Africa is a great testing ground for new banking services: the region’s relatively low penetration levels for traditional financial services married to high proliferation of mobile phones has not only helped to create the largest mobile money market, but also drives FinTech innovation and disruptive digital banking solutions. 

Mobile money has found its biggest global foothold in Africa. According to the GSM Association, over 57 percent of the world’s mobile money accounts are located in sub-Saharan Africa, and the continent’s FinTech market has been forecast to grow from around $200m in value in 2018 to close to $3 billion by 2020.

According to the McKinsey research report “African Retail Banking’s Next Growth Frontier”, new innovative mobile financial services are rapidly expanding. Peer-2-peer borrowing, group-savings, micro-loans, micro-insurance and more will come into the financial services mix. South Africa alone can expect to see growth of around $4 billion in banking revenues across the next five years.

Why is this?

Most African citizens have a cellphone even if they lack a postal address and a local high street bank branch, and over the last decade have been using their mobile phones to transfer money.  

The mobile money phenomenon has proven to be a profitable business in Africa: hundreds of millions of dollars is washing through Africa’s mobile networks. And it is mobile service providers that have been dominating the market, setting up quickly, disrupting the status quo, bringing banking to the unbanked and reaping the rewards of 1.5 to 2 percent profit – big numbers. Traditional banks are keen to get in on the act but are finding it isn’t straightforward as they are lacking the channel reach into the rural areas, don’t have the IT platforms to support the financial requirements of the unbanked population, and are tied up with regulatory constraints. 

Banks have been missing out, but due to a number of developments this could be changing soon. 

Fiskl, a UK-based fintech company, has announced a partnership with South African based fintech player, Ocean on 76 that will benefit SMEs in Africa. Photo: Facebook

We see that traditional feature phones are being replaced by cheap smart phones, driving adoption of new and innovative mobile financial applications that are being offered by the new FinTech players in the market. 

Furthermore, fast growing FinTech players are making their mark. Jumo, a mobile platform that provides digital financial services like credit and savings has now originated over $700 million in loans and manages over 25 million customer interactions per month. In 2017 Jumo was picked as one of Google’s Launchpad Accelerator start-ups and the company is now being funded by Goldman Sachs to continue its rapid expansion. Tulaa, a Kenyan FinTech start-up for the agriculture industry, recently raised over $600,000 in seed funding.
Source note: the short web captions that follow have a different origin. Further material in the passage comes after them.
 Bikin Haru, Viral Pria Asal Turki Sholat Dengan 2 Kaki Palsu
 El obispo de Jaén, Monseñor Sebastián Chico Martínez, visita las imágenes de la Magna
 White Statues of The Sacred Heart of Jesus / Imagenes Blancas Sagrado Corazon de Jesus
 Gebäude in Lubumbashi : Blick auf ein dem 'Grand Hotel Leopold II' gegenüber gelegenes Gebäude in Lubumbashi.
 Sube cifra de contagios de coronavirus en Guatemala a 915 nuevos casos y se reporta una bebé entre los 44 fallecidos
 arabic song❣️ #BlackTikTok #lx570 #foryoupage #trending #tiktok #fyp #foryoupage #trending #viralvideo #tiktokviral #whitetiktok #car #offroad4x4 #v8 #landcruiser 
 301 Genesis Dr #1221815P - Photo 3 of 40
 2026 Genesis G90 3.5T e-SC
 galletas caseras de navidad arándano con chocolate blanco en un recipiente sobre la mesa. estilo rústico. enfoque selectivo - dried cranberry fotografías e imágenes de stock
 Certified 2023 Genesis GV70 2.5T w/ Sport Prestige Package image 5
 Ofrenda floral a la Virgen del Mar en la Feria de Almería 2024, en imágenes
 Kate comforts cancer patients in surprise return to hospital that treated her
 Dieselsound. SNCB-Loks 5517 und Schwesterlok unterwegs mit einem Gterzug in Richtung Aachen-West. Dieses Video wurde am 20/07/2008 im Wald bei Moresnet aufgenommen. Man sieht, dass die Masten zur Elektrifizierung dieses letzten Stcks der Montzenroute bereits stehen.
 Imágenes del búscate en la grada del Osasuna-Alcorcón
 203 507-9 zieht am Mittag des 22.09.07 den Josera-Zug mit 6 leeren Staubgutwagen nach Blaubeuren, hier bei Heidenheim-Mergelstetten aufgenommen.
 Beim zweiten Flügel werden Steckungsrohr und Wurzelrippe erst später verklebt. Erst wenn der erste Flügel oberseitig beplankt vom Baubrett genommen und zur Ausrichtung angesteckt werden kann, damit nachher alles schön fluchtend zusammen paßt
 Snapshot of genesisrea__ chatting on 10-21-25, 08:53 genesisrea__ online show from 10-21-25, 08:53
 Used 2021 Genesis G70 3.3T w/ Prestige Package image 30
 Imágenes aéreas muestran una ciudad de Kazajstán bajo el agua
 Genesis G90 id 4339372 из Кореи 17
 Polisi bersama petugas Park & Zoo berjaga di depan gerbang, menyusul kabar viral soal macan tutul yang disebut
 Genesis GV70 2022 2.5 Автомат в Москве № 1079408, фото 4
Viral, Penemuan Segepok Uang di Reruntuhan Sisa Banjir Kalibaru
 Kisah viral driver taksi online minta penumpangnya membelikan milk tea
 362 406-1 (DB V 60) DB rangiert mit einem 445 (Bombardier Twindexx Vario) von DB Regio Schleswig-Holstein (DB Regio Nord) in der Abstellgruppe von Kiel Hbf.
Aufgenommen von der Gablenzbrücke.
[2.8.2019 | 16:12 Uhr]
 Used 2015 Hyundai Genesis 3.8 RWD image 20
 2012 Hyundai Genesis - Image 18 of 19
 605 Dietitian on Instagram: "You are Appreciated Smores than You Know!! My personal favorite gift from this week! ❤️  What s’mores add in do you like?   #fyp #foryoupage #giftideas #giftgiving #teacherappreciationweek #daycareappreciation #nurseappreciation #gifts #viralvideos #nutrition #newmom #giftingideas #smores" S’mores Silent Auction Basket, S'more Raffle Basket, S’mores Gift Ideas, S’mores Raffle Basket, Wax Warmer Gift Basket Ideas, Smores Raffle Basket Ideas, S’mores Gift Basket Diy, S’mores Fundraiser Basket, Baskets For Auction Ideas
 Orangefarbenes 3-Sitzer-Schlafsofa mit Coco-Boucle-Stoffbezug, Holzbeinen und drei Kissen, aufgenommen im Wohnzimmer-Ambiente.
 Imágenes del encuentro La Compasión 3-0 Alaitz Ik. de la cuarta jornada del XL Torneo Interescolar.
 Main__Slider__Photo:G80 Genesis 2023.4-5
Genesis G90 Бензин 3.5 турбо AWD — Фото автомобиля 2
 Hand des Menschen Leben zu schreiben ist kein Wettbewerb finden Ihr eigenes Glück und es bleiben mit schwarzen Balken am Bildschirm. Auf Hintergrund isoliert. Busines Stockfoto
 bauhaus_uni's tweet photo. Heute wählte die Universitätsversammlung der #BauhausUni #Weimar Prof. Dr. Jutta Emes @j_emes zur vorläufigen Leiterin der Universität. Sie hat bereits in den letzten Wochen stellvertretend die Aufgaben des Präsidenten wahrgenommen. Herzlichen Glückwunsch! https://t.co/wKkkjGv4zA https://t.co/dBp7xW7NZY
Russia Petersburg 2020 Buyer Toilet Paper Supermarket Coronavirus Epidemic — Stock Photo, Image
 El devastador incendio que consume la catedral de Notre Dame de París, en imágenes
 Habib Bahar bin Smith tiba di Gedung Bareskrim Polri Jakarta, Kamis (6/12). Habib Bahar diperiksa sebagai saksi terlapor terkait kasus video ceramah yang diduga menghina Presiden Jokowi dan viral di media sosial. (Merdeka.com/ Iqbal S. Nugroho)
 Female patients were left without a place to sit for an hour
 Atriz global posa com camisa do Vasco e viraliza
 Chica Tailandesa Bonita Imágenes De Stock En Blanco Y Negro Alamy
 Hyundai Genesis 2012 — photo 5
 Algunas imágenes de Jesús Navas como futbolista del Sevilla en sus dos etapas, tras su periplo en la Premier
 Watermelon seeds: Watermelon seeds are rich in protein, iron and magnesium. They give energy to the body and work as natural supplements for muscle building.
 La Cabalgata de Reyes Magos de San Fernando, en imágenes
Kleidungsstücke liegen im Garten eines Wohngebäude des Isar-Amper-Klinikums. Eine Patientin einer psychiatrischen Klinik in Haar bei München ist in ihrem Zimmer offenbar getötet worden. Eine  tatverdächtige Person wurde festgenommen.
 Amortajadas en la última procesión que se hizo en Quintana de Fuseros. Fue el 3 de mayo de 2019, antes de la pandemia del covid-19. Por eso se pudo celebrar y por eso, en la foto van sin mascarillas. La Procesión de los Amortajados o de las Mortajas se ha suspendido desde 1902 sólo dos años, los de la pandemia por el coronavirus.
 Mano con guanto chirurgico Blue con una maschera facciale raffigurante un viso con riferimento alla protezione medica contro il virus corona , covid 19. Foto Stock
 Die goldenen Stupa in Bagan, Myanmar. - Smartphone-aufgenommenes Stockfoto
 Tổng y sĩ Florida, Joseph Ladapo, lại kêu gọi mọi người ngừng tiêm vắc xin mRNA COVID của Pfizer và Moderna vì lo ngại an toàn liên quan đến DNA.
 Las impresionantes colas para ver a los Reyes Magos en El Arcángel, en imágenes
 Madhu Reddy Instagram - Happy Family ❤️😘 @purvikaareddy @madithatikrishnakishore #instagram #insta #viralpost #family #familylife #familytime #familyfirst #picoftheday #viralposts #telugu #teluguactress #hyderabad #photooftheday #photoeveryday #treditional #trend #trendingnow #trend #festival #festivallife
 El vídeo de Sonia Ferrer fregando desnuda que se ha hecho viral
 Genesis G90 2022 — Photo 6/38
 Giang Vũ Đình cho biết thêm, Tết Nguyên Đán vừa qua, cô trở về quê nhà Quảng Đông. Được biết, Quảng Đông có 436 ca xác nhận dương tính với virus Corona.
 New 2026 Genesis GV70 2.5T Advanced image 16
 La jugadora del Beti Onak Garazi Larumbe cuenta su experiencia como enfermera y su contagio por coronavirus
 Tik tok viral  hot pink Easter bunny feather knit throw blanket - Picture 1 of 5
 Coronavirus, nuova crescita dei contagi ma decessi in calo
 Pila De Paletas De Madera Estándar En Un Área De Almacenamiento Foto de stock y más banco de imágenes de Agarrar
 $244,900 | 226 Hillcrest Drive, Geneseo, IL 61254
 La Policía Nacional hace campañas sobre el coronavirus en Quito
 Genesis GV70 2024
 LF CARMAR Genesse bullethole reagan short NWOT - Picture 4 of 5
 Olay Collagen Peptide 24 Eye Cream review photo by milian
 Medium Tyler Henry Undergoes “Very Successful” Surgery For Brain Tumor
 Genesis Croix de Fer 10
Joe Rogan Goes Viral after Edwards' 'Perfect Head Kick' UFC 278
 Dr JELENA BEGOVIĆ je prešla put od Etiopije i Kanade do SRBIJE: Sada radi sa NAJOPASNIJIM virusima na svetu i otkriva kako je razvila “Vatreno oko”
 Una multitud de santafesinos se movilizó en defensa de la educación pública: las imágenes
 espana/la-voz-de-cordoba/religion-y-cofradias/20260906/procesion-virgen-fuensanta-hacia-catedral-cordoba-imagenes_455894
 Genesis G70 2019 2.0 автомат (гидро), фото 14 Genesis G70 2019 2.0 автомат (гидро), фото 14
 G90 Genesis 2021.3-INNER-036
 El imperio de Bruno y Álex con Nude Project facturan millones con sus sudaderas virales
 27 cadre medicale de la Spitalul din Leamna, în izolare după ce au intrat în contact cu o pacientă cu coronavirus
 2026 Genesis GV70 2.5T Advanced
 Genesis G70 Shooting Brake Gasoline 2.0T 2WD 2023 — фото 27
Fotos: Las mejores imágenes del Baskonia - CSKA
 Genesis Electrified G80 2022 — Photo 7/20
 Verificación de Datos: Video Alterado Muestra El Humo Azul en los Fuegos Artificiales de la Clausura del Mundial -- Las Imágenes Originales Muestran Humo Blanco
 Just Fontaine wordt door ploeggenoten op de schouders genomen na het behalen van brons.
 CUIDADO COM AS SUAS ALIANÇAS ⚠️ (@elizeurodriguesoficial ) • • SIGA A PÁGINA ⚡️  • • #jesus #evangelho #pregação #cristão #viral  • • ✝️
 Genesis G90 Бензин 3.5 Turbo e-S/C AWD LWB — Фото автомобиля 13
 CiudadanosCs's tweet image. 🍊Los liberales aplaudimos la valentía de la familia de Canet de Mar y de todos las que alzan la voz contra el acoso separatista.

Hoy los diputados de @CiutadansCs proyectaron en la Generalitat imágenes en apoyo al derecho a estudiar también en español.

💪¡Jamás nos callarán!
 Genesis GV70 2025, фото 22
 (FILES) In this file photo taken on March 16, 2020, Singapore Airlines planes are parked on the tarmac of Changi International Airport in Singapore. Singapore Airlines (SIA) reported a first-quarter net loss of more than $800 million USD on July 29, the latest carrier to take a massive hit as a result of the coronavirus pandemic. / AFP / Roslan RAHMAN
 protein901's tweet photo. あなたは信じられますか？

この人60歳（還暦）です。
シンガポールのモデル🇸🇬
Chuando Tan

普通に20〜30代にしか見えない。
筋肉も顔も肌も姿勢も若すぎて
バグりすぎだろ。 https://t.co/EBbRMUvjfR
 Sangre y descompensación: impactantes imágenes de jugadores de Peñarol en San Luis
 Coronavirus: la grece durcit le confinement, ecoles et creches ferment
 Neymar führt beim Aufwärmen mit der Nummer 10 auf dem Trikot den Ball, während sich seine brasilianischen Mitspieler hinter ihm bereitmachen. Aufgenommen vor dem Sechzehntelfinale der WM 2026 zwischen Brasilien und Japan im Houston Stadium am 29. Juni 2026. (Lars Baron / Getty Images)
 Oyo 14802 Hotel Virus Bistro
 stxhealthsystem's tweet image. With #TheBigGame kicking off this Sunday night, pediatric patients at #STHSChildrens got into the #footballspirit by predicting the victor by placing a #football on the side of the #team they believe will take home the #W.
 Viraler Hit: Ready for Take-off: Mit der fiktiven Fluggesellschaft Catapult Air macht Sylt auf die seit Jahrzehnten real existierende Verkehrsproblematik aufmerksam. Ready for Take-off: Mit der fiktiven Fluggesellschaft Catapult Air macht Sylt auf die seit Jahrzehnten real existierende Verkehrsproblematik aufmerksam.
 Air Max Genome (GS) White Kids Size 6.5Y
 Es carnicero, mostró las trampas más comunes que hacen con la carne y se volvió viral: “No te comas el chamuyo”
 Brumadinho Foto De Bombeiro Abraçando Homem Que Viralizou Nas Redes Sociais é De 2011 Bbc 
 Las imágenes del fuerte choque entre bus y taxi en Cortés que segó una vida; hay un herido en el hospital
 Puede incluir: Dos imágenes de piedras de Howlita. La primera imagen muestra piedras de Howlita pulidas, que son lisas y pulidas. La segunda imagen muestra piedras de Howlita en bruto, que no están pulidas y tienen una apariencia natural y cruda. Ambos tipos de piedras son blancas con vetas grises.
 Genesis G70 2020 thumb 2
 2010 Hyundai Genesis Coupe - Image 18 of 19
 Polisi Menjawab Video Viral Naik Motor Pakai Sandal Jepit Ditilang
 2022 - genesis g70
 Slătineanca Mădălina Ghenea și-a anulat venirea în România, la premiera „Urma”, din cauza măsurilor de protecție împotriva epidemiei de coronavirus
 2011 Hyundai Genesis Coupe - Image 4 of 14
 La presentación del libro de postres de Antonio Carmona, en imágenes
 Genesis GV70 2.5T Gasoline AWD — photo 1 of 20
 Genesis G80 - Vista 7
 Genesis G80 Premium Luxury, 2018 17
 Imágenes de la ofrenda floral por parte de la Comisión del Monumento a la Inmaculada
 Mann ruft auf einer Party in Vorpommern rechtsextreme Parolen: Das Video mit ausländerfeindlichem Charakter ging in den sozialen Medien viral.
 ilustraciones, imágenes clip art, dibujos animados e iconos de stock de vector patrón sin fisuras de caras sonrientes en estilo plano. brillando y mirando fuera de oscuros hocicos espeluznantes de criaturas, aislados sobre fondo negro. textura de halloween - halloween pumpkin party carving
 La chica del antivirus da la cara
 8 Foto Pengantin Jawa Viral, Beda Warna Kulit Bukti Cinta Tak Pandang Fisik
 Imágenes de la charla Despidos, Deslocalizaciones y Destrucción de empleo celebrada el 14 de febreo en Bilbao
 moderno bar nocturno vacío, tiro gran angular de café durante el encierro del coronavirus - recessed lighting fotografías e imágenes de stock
Other success stories abound: Ecocash has been around for about 4 years providing mobile payments, Zoona is a mobile money transfer service that raised over $20 million in funding, and Cellulant, a pan-African payments system recently raised a massive $47.5 million, the most ever by an African FinTech. 

These FinTech companies are disrupting traditional ways of doing things in Africa and becoming key players in a changing financial ecosystem. Increasingly traditional retail banks are looking to integrate their banking services with these innovative FinTech companies to cover the “last mile” in order to expand their footprint into the unbanked markets.

Wildcards playing a role too

On top of the FinTech start-ups thriving in Africa, there are a number of spin-off services from existing social media giants that are making their presence felt. WhatsApp, already Africa’s social media platform of choice, has the potential to be the continent’s biggest payments platform. WhatsApp’s digital banking offering could effectively create a single, cashless currency for Africa. 2017 saw social media use grow 12 percent in Africa, with the vast majority of people using only two apps, WhatsApp and Facebook Messenger. Similarly, Chinese giant Alibaba’s FinTech arm, Ant Financial, is gaining traction in various African countries, and its Alipay app could also make significant inroads. Large African retail banks would do wise to craft partnership deals with these FinTech players as well as social media companies, leveraging their existing banking licenses and pan-African market-reach to gain first-hand experiences of banking the ecosystem.

Changing times, changing business models

With growing customer expectations about more and faster mobile bandwidth to support the FinTech applications, and especially the fast-growing social media usage, over the coming years mobile operators will need significant amounts of capex to support the evolution of network technologies, mostly from 2G to 3G, from the cities into the urban areas. All this has prompted mobile operators to take notice and change their business models accordingly. To ensure profitability and high margins the mobile operators will need to invest in new digital banking platforms as well as in-house product management capabilities in order to compete with the FinTech players who offer mobile micro-payments and micro-insurance. Financial inclusion in Africa, according to the World Bank Findex survey, has “increased dramatically” from 23 percent in 2011 to 43 percent in 2017. Already a number of mobile operators are considering obtaining banking licenses to accelerate their digital banking strategies for Africa.

Beyond mobile payments and into the future

We are seeing a paradigm shift in Africa from the first phase focused on mobile money, onto the next stage of digital mobile financial services on the continent that focuses on micro-loans, micro-insurance, savings management and more - all enabled by digital technology. 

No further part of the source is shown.